What is being asked.
What are the lines from the top of the entries through the one with "Aperto a colazione e cena, cucina locale"? Write them out exactly, with no pictures.
*** Opening Exercise data ***
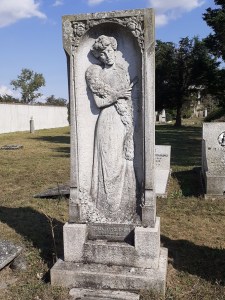 (Alessandria, Cimitero Ebraico. Tomba Elisa Ottolenghi. Foto dell'autore)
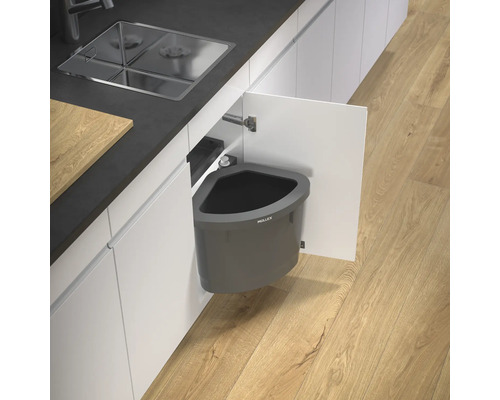 Poubelle d''angle grise intégrée sous l''évier dans une cuisine moderne.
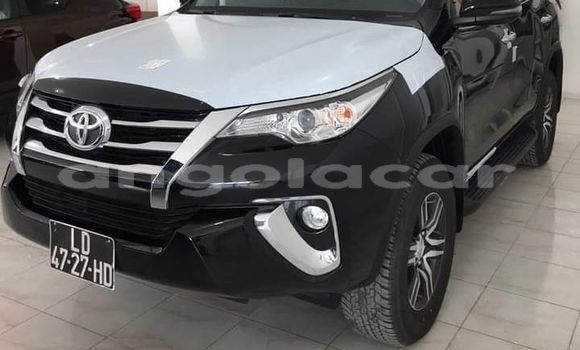 Comprar Usado Toyota Fortuner Preto Carro em Luanda em Luanda Province
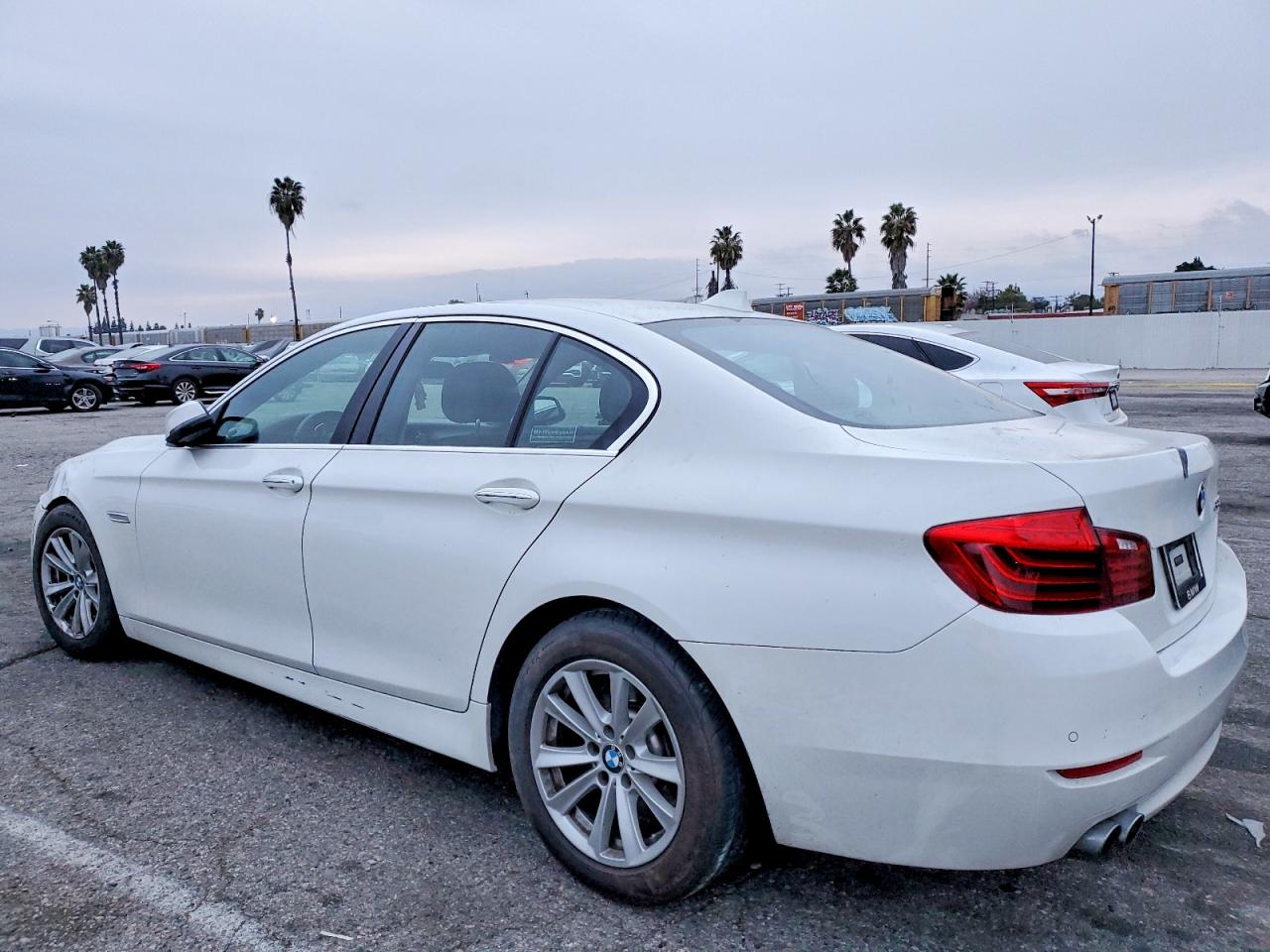 2016 BMW 528 I photo 2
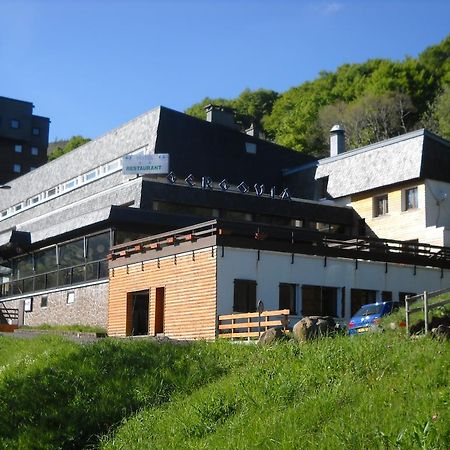 Gergovia Hotel Super Besse Bagian luar foto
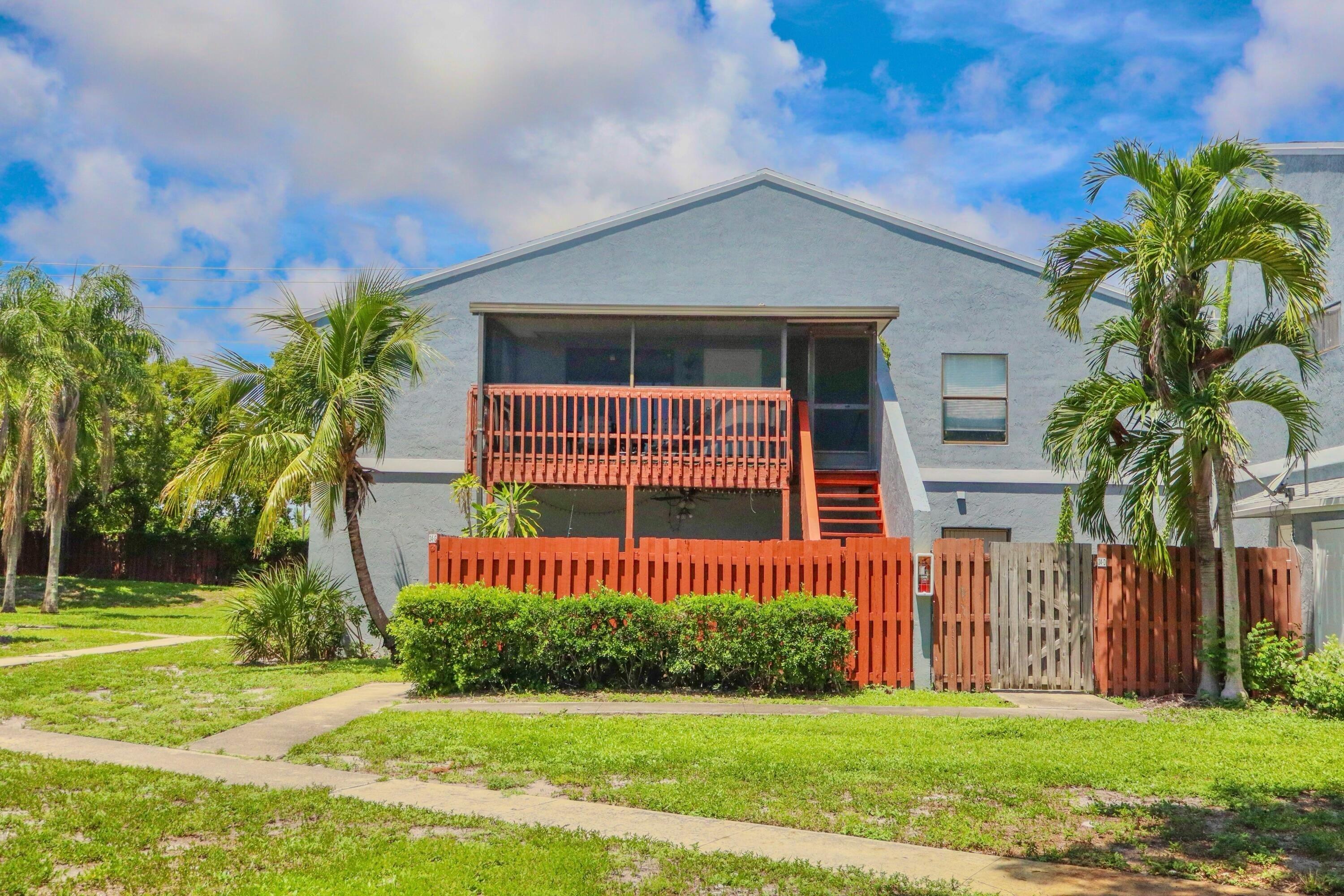 Crossings Cir, Boynton Beach, FL 33435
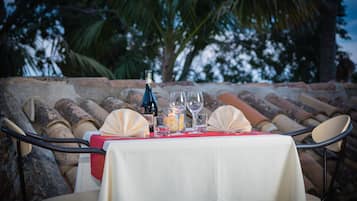 Aperto a colazione e cena, cucina locale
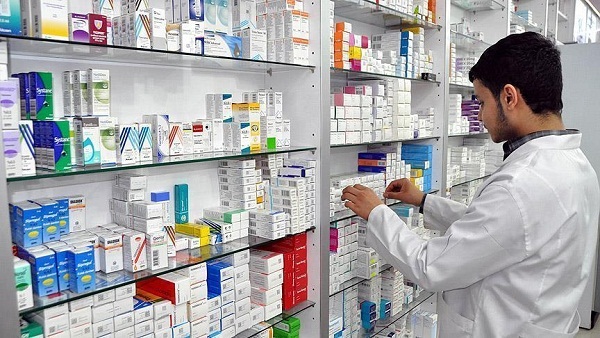 تقرير رسمي: كثافة الصيدليات تتجاوز المعايير العالمية.. و%70 منها على حافة الإفلاس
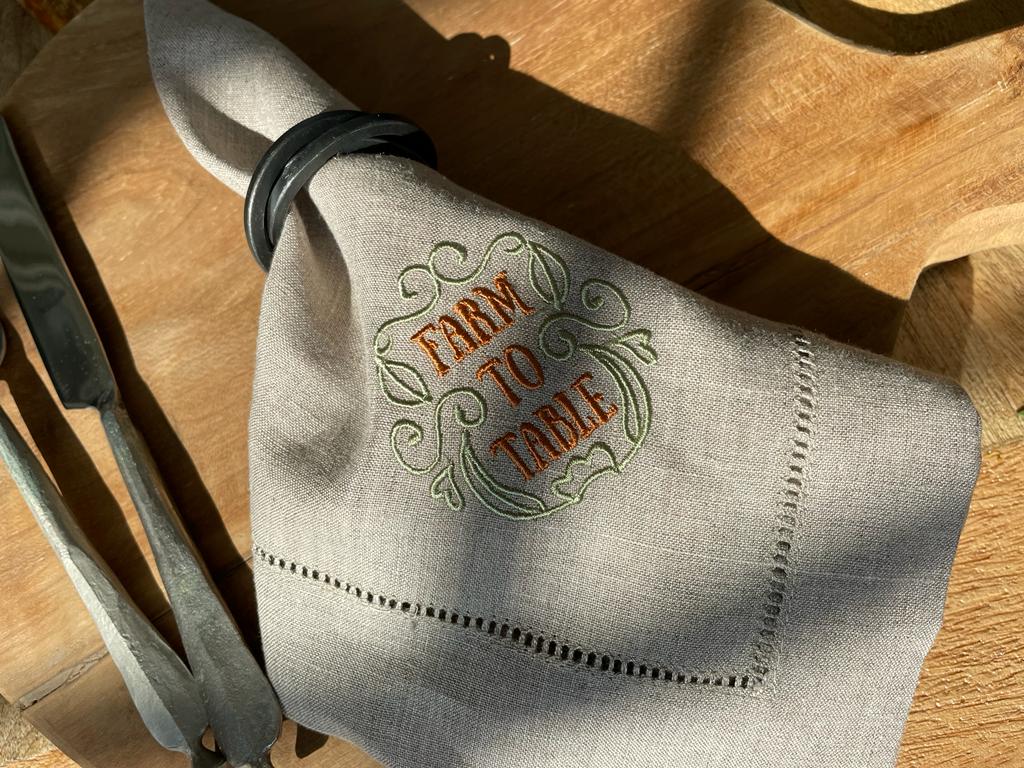 Servett i linne, broderad med Farm to table, 2-pack, naturfärgad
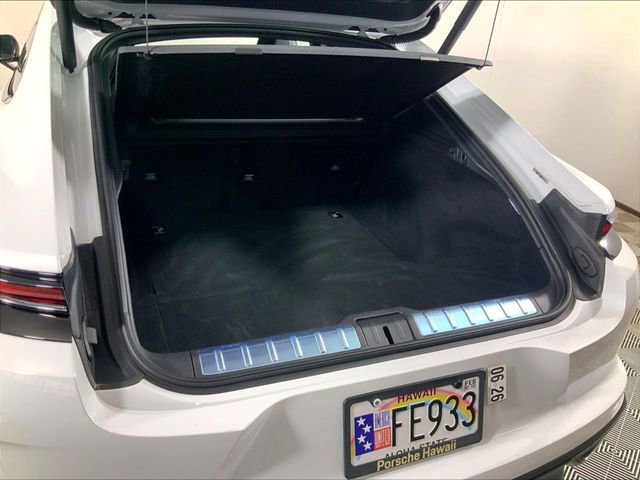 Used 2024 Porsche Panamera 4 image 24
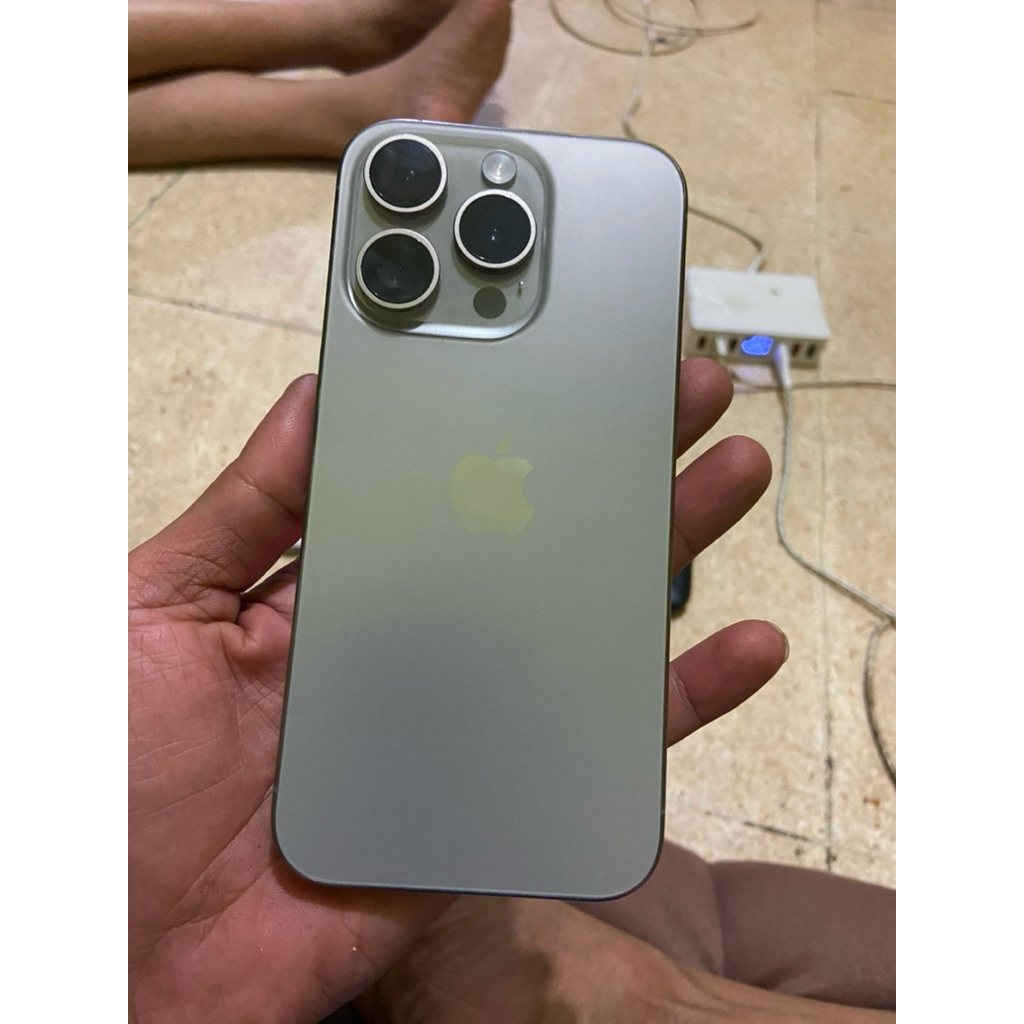 iphone 15 pro 256 wifi only.(bypasan)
*** Closing Exercise data ***
Output below.
 (Alessandria, Cimitero Ebraico. Tomba Elisa Ottolenghi. Foto dell'autore)
 Poubelle d''angle grise intégrée sous l''évier dans une cuisine moderne.
 Comprar Usado Toyota Fortuner Preto Carro em Luanda em Luanda Province
 2016 BMW 528 I photo 2
 Gergovia Hotel Super Besse Bagian luar foto
 Crossings Cir, Boynton Beach, FL 33435
 Aperto a colazione e cena, cucina locale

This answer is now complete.